Nie synku, bardzo wiele bajek zaczyna się od słów: jeśli zagłosujecie na mnie i moją partię....
- Jak nazywa się ktoś w budynku Sejmu, kto jest inteligentny, etyczny i uczciwy?
- Uczestnik wycieczki szkolnej.
Co robią teraz urzędniczki w Urzędzie Skarbowym? Siedzą i grzebią w pitach
W Warszawie pod Sejmem robią podkop. Dla czego? Bo też chcą mieć Piwnice Pod Baranami.
18:28. Znowu fajny sucharek pochodzący z czasów PRLu i modny w kręgach "Solidarności 80", kiedy to Sejm był jeszcze jednoizbowy, a frekwencja wyborcza(wg. rządzących wynosiła 80 - 90 % uprawnionych).

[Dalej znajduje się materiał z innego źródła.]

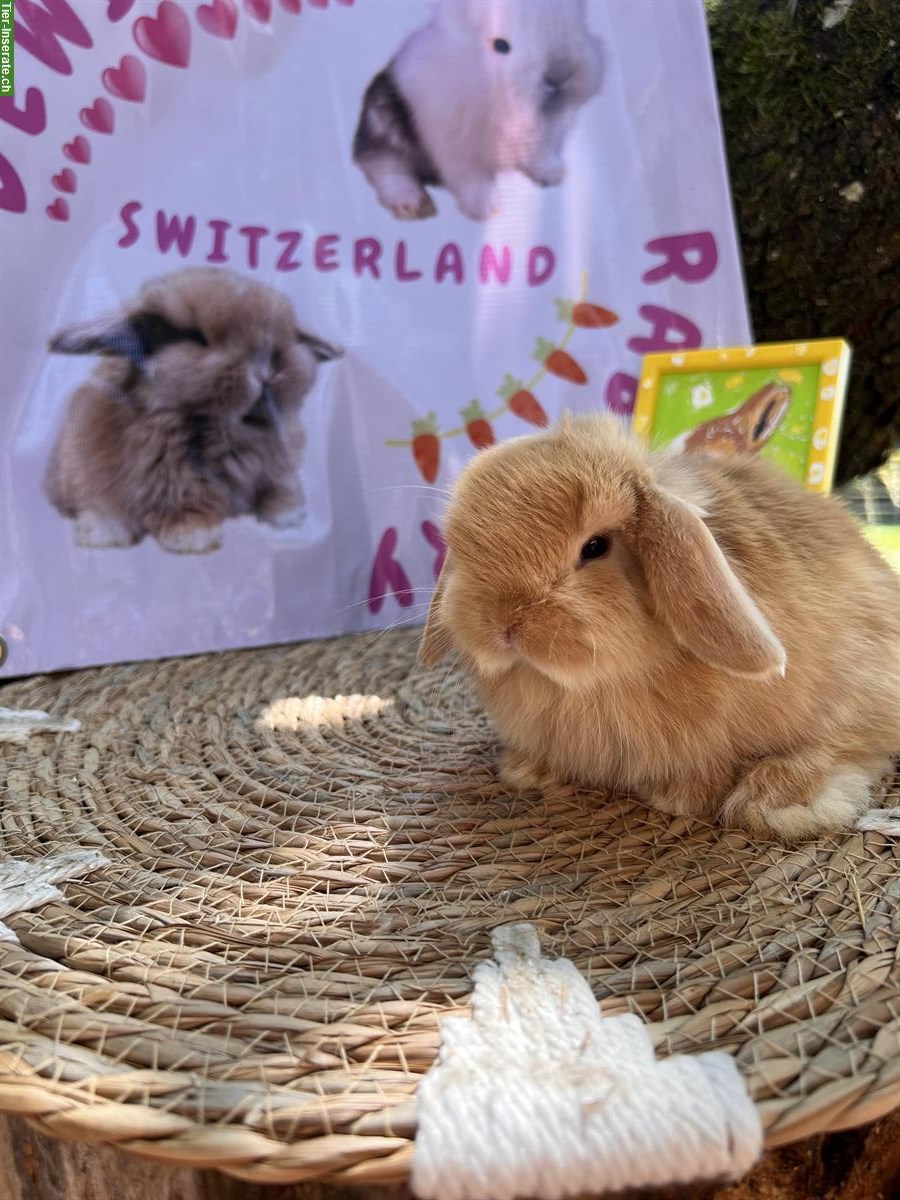 Bild 2: Mini-Lop Zwergwidder Zwergkaninchen zu verkaufen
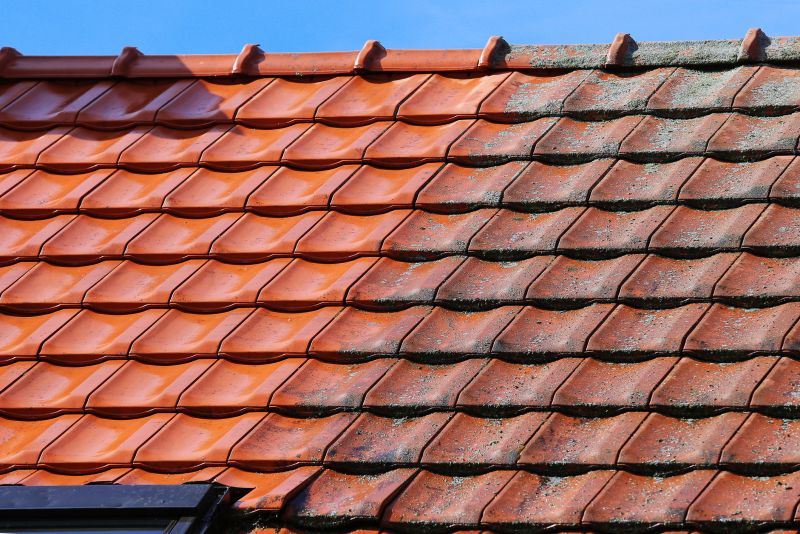 Roof Tile Sealing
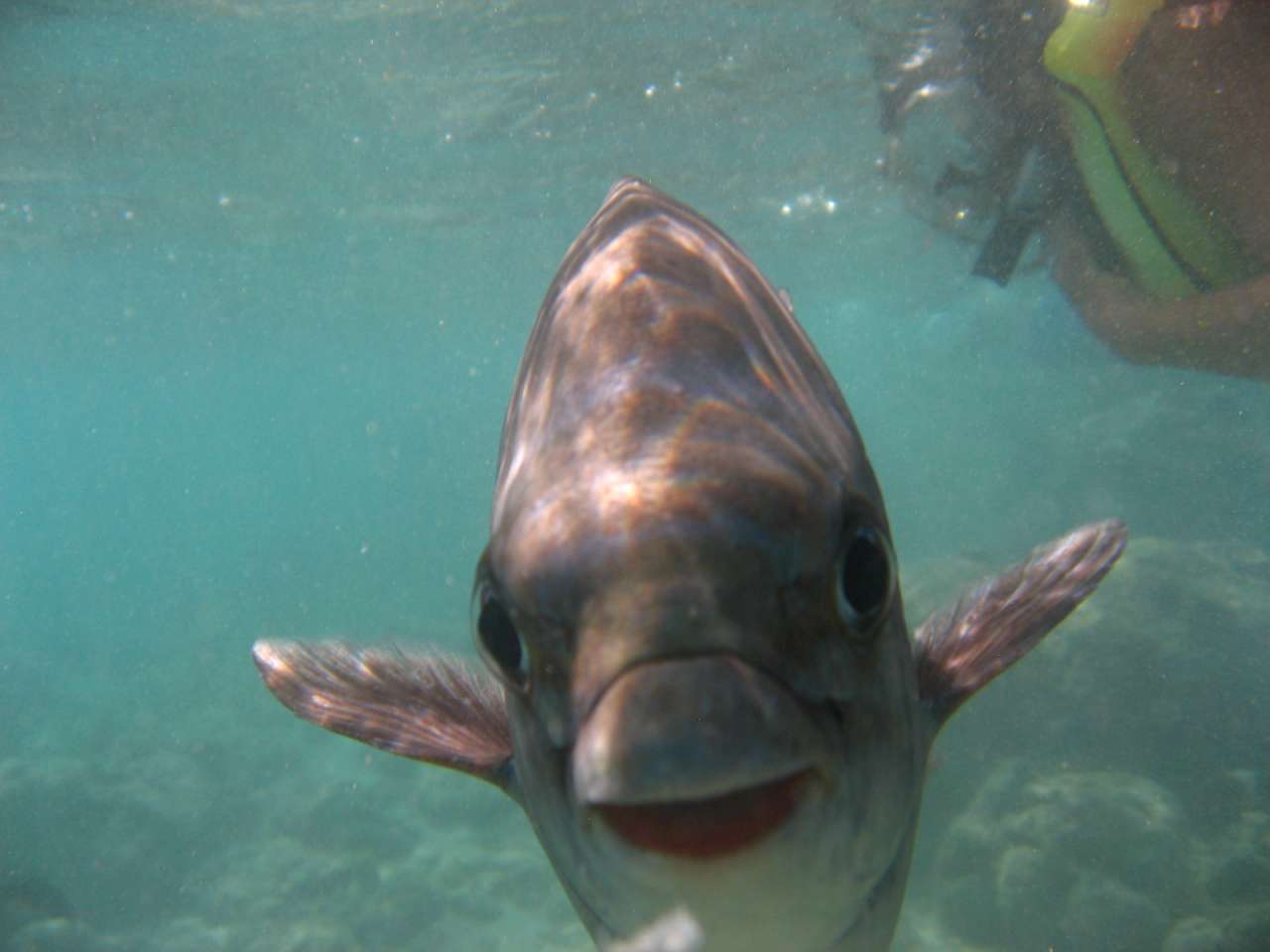 click to view full size photo Fish say: Welcome to my home!
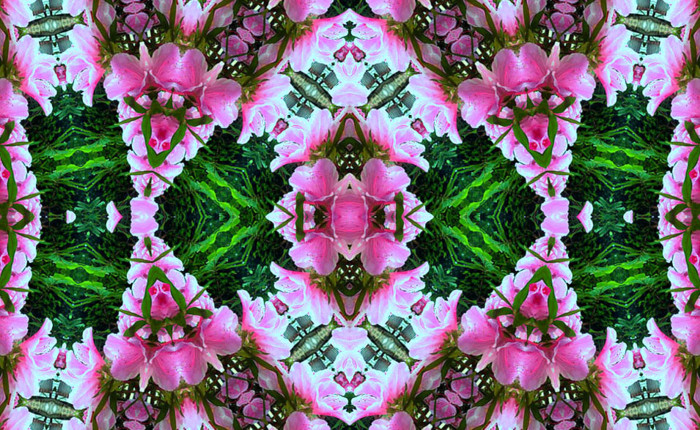 f:id:ando1947:20090510153816j:image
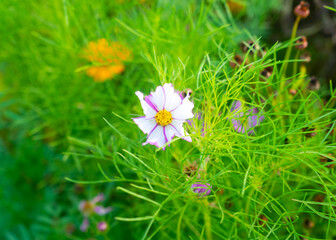 White and purple wildflower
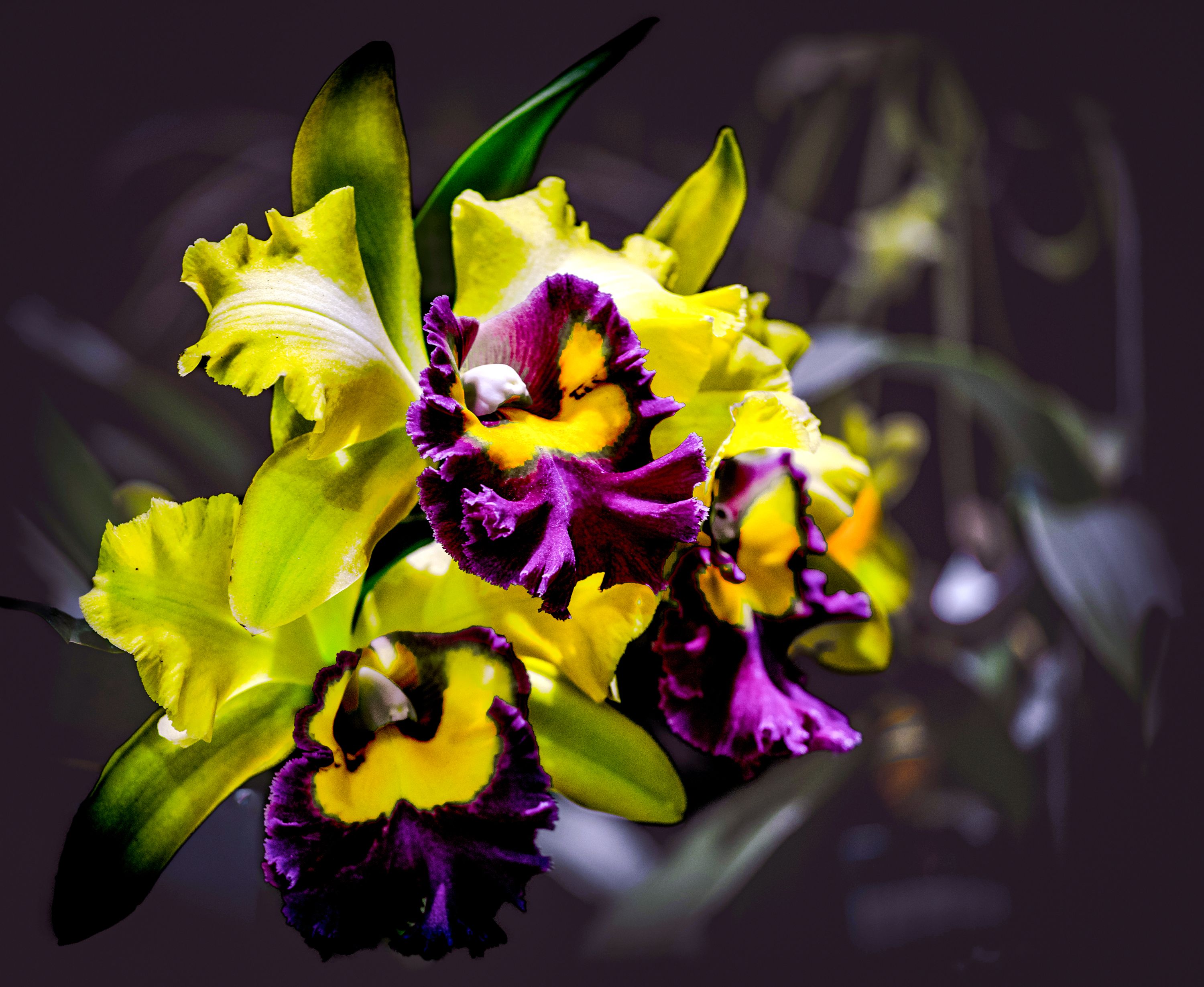 Cattleya, Medellín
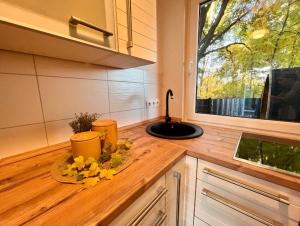 cocina con encimera con fregadero y ventana en Ferienhaus Harzblick, en Meisdorf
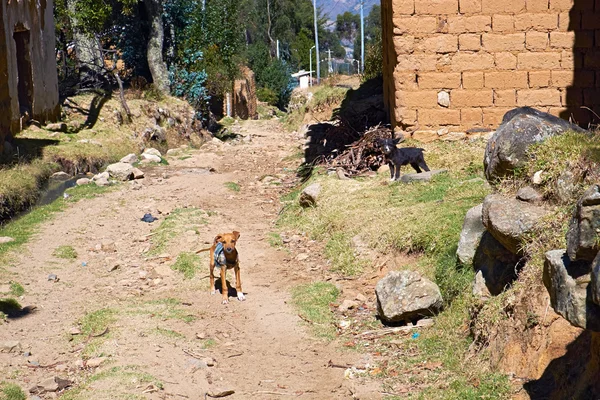 Small dogs guarding  rural settlement — Stock Photo, Image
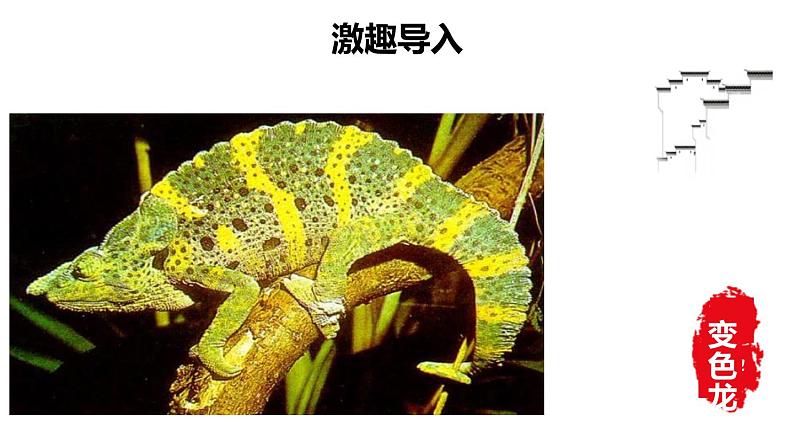 变色龙PPT课件702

A coś nowszego znasz, czy zatrzymałeś się na epoce Wczesnego Gierka i tak Cię trzyma do dziś?
A znasz to?
Jarosław K. postanowił odwiedzić wzorcowe gospodarstwo rolne. Podczas wizyty w chlewni, pośród stada dorodnych świń, fotoreporterzy mu towarzyszący, zaczynają robić zdjęcia.
- Tylko pamiętajcie, bez głupich żartów, w stylu
" Prezes i świnie "- mówi Jarosław.
- Ależ oczywiście panie prezesie, wszystko będzie cacy! - obiecują chórem dziennikarze.
Nazajutrz w wielu gazetach pojawia się relacja z wizyty wraz z pozującym pośród świń prezesem i podpisem pod zdjęciem:
Prezes Jarosław ( drugi od lewej ).
Znam, też suchar z czasów wczesnego Gierka. Przerobiłeś I Sekretarza na Jarosława K. żeby było "na czasie". Gdybyś znał fakty, to wiedziałbyś, że jeżdżenie z wizytami gospodarskimi nie jest pasją Jarosława K. (był tylko na jednej u plantatora papryki, tego co pytał Tuska "Jak żyć, panie premierze, jak żyć?".) a raczej były codziennością dla Gierka (POMOŻECIE?) i jego dotyczył ten Twój dowcip ze świniami. Staraj się dalej, może Ci się w końcu uda napisać coś naprawdę aktualnego:)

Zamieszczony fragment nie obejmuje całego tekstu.